Texas mortuary owner faces trial over rotting bodies

By Marice Richter

FORT WORTH, Texas (Reuters) - The owner of a Fort Worth mortuary where corpses were left to rot stood trial on Wednesday on charges of taking money from clients for funerals and not properly attending to the bodies.

One of the first witnesses called in the trial of Dondre Johnson, 41, who operated Johnson Family Mortuary with his wife, Rachel Hardy-Johnson, 36, said the stench from the facility was so bad he had to cover his face with a wet rag just to step inside.

The pair is charged with felony theft, which carries up to two years in prison, for accepting payments from families of deceased loved ones "in exchange for promising services they did not intend to deliver," according to a statement from the Tarrant County District Attorney’s office.

They are also charged with corpse abuse.

Building landlord Jim Labenz, the first witness to testify, told the court he discovered eight decomposing bodies at the facility in July 2014 and then notified police.

Fort Worth police, who arrested the pair, said the bodies were to be have been cremated but instead left to rot in rooms without air-conditioning.

Johnson’s attorney Alex Kim said in opening statements Johnson ran operations but Hardy-Johnson was the boss, a move seen as deflecting blame.

Labenz testified the mortuary was persistently behind on rent payments so he had the locks changed and had started eviction proceedings when he made the discovery inside, he said.

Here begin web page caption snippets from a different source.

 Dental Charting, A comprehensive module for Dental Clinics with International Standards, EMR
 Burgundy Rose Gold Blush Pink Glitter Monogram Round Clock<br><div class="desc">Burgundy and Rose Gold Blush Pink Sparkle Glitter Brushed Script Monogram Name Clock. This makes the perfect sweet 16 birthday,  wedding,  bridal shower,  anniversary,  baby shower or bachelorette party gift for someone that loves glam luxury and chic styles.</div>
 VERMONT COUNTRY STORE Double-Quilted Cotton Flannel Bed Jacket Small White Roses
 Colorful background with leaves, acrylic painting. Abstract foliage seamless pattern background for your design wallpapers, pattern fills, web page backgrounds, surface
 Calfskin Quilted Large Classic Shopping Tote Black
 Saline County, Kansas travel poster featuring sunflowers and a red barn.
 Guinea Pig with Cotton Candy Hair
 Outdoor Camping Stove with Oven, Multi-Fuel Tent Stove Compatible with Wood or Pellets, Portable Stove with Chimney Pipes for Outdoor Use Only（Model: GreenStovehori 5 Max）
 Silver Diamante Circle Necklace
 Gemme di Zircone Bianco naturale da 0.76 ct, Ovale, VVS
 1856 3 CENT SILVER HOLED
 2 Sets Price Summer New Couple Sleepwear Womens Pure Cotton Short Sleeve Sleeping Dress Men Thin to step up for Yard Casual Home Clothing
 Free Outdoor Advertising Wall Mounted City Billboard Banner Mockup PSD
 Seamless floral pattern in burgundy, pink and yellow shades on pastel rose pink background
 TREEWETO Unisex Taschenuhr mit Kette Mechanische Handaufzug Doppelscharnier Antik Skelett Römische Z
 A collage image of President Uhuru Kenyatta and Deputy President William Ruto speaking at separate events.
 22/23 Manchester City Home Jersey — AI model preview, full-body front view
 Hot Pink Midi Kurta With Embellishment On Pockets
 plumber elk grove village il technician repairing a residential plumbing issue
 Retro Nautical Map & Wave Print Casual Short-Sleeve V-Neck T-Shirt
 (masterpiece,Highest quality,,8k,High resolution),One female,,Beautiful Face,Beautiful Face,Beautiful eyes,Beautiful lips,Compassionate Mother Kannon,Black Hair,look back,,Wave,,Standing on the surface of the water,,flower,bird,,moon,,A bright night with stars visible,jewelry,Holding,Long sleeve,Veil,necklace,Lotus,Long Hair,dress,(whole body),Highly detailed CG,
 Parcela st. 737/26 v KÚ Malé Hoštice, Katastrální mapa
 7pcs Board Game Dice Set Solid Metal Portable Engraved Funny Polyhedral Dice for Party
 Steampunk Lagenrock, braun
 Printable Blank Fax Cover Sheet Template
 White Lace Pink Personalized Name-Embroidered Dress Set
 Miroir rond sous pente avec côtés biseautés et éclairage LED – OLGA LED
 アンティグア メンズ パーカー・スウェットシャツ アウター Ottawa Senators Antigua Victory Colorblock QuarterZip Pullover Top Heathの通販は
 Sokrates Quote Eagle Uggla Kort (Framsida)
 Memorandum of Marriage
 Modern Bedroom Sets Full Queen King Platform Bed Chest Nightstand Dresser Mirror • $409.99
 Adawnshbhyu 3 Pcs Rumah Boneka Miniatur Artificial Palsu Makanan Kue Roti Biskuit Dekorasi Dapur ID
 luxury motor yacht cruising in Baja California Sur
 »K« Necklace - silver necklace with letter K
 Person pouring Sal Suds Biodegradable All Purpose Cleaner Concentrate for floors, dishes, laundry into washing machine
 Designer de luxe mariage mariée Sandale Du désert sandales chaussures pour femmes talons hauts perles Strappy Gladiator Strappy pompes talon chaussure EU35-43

Labenz also testified that he spent $8,000 on a hazardous materials clean-up.

Johnson denied after his arrest last year that the bodies were mishandled and said the situation was a misunderstanding related to the eviction.

Hardy-Johnson faces the same charges and will be tried separately. She pled guilty to food stamp benefit fraud this year and is serving a 21-month sentence in federal prison.